Pese a los anteriores chirridos, ignorancias mutuas y ausencias múltiples, puede que algunos aún estén convencidos de que las características que adornan el empleo público son inconmovibles y que permanecerán en la senda de la prodigalidad ilimitada. Ojo a una presunción tan frívola. Estamos al inicio de lo que será una crisis económica cuya crudeza todavía no se ha manifestado. Que la liquidez y la transferencia de rentas fluyan ahora no oculta que es a costa del endeudamiento público. Una deuda de recorrido limitado para que sea sostenible, por lo que la futura priorización del gasto público será muy dura sólo para sostener los servicios públicos fundamentales. Que las condiciones económicas y de trabajo de los empleados públicos queden al margen de las restricciones es un deseo, pero en ningún caso una certeza: la pandemia ha distinguido a unos empleados públicos frente a los restantes y sólo aquellos que la sociedad conceptúa de eficaces disponen de un cordón de seguridad enhebrado por el reconocimiento ciudadano.

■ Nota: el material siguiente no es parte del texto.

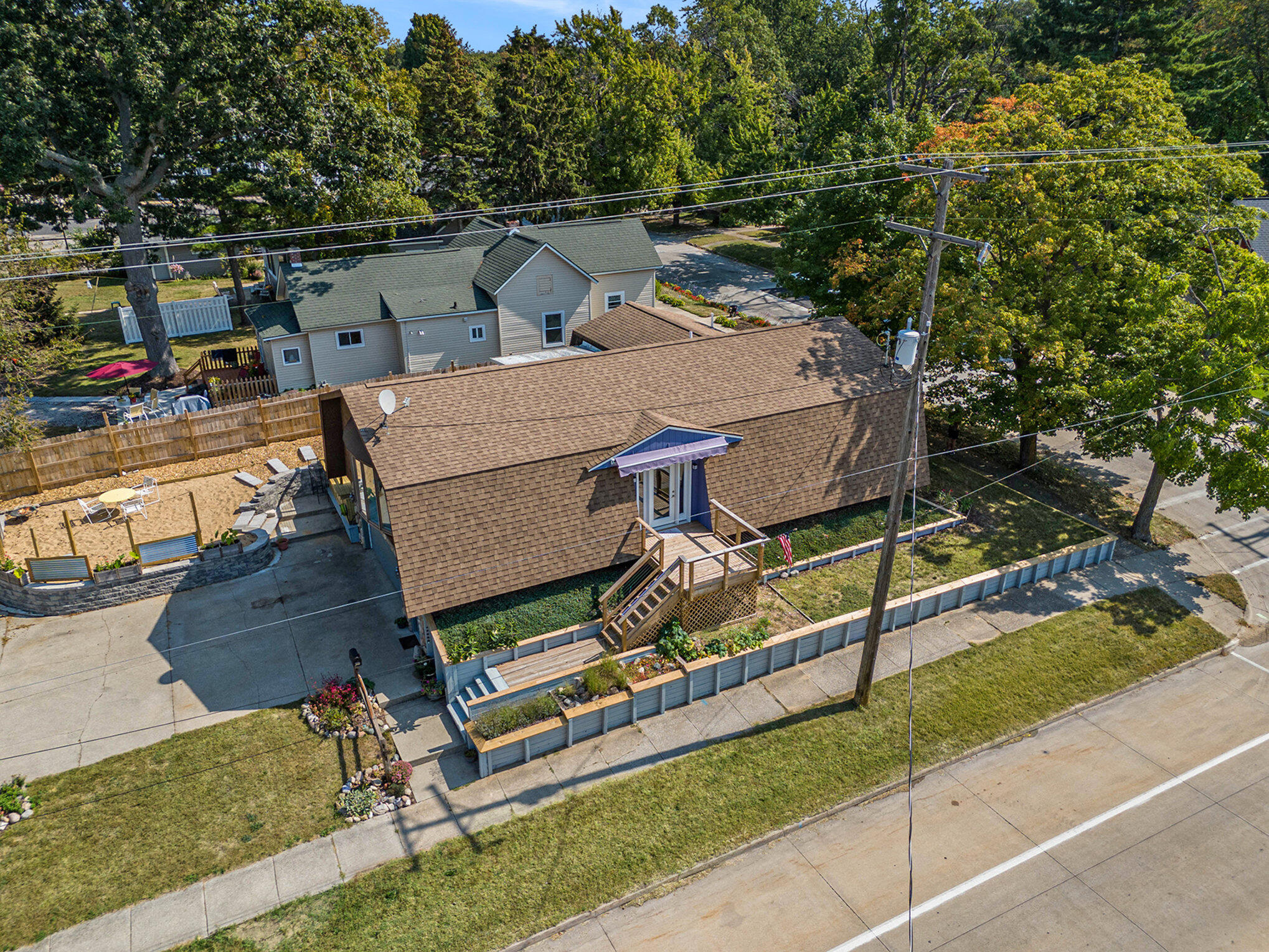 2200 McCracken Street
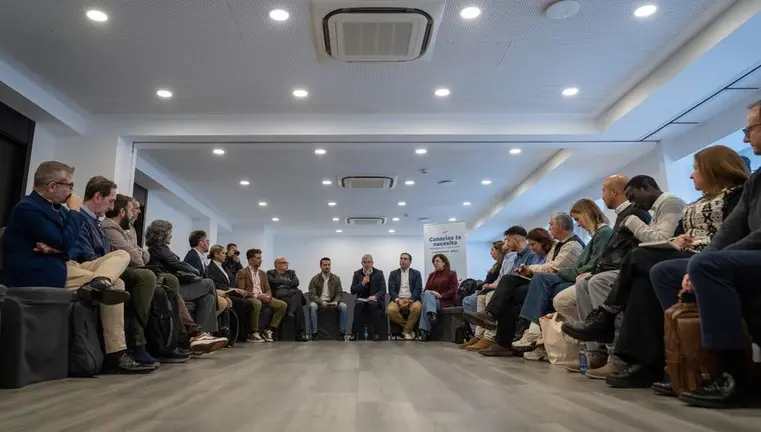 Fernando Clavijo estuvo al frente del encuentro con las entidades del tercer sector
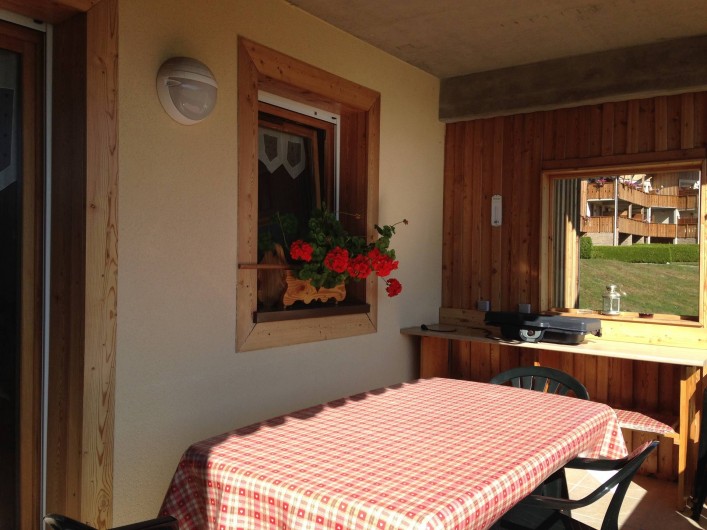 Location de vacances - Appartement à Gérardmer - Jolie terrasse vue lac, barbecue, plancha, friteuse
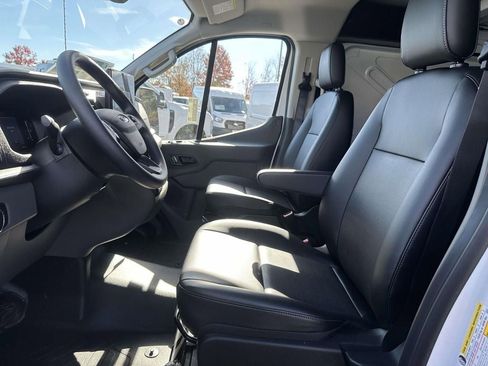 New 2026 Ford Transit 250 Low Roof RWD image 9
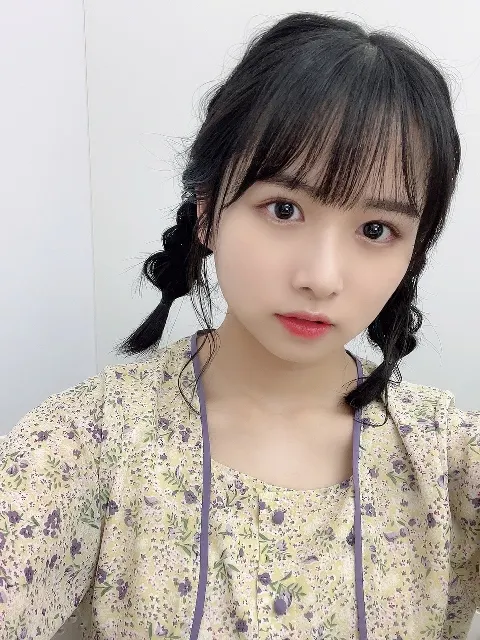 上村 ひなの｜最近お部屋にひまわりを置き始めました。夏って感じ！見るたびに元気出るなぁ~（2022-06-19）｜3枚目
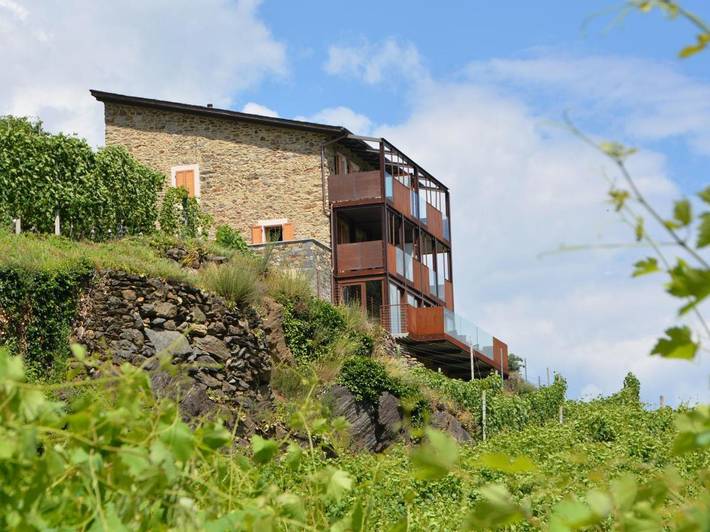 Location de vacances pour 2 personnes, avec vue et jardin à Sondrio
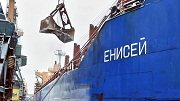 Мурманский морской торговый порт установил новый в этом году рекорд по погрузке щебня 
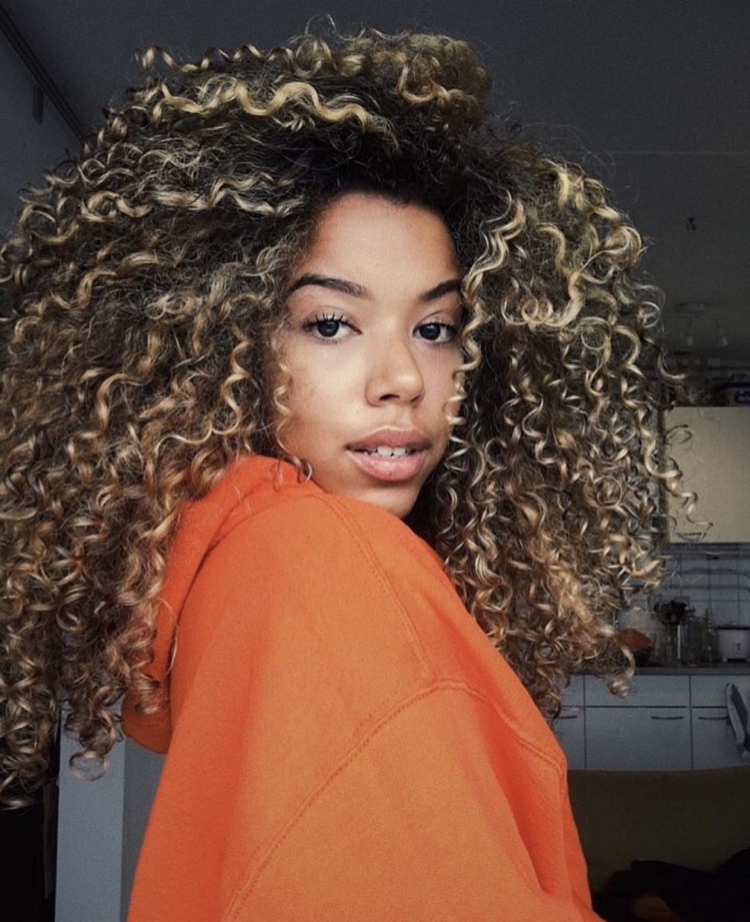 Highlights on curly hair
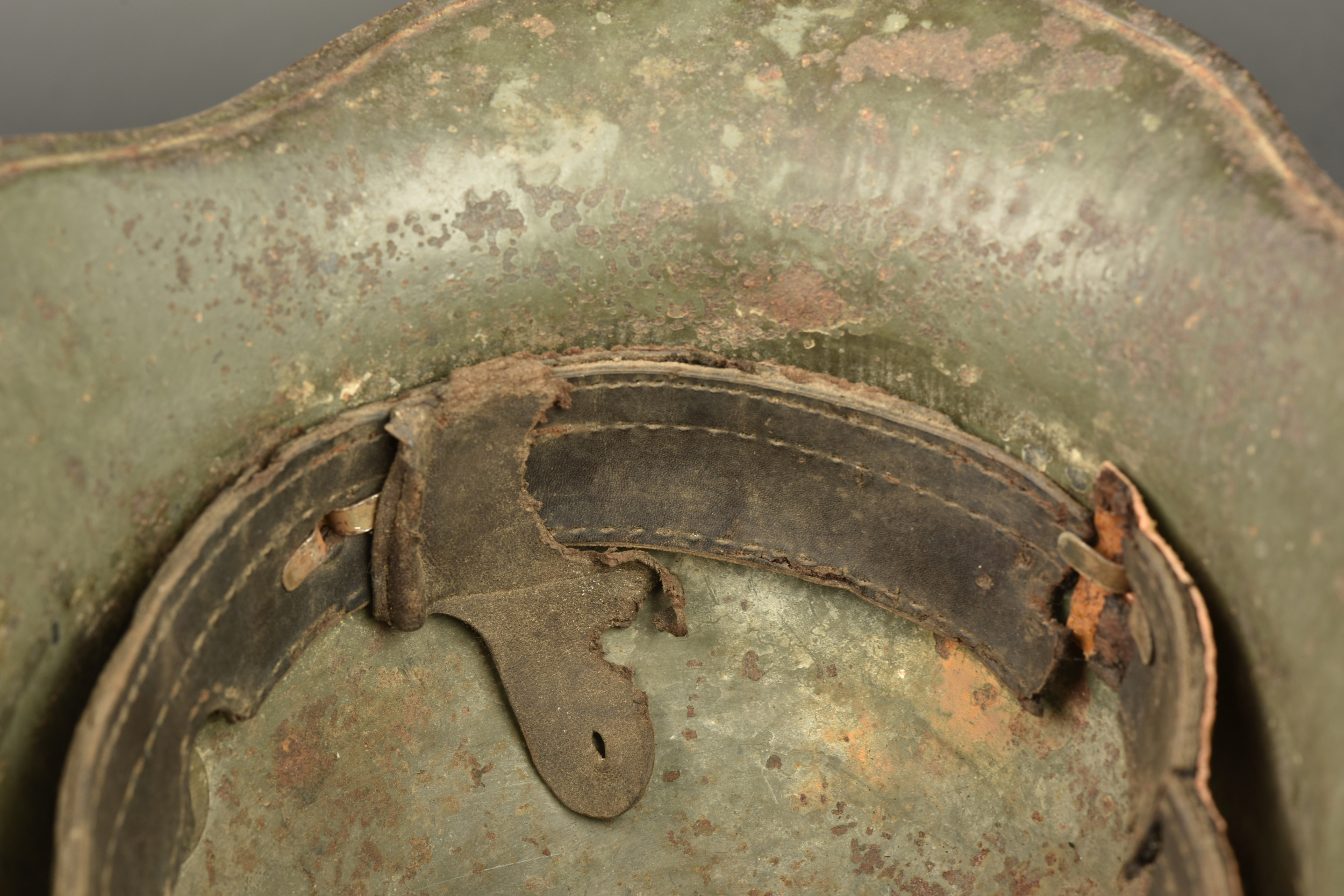 Casque allemand M1916 à impact. German Model 1916 helmet with impact damage — photo 2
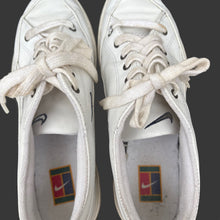Load image into Gallery viewer, NIKE COURT 2002 SNEAKERS
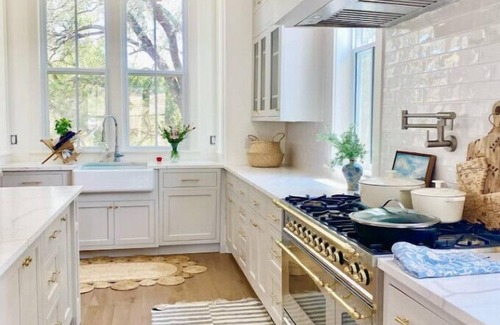 Pedernales Canyon Ranch House | Elegant Farmhouse with Pool and Hot Tub near Lake Travis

Quizás algunos, desde el corazón más reaccionario de las administraciones, se sientan capaces de vencer la influencia de la distinta afección ciudadana, confiados en esas cualidades filibusteras y oportunistas que se asientan sobre el cortoplacismo clientelar y el cabildeo con determinados responsables públicos. Frente a esa postura rancia, arrogante y de inevitable caducidad, más valdría conquistar a la opinión pública como corresponde: mostrando y demostrando que, cuando las circunstancias lo precisan, el funcionario no se arruga, sino que se crece en su condición de servidor público.
Puede que, ahora, esa respuesta se encuentre en la prestación temporal, y sin contraprestaciones, de tiempo de trabajo voluntario más allá de la jornada habitual, en tanto se normaliza el tráfico de papeles y se aplana la pila de expedientes acumulados. O en el refuerzo, asimismo voluntario, de las áreas de las administraciones más aquejadas por la aglomeración de acciones pendientes. Sería una muestra de esa vocación de servicio que se supone que ilustra el quehacer funcionarial y que, en última instancia, también es una respuesta sensata a la preservación del statu quo del empleado público.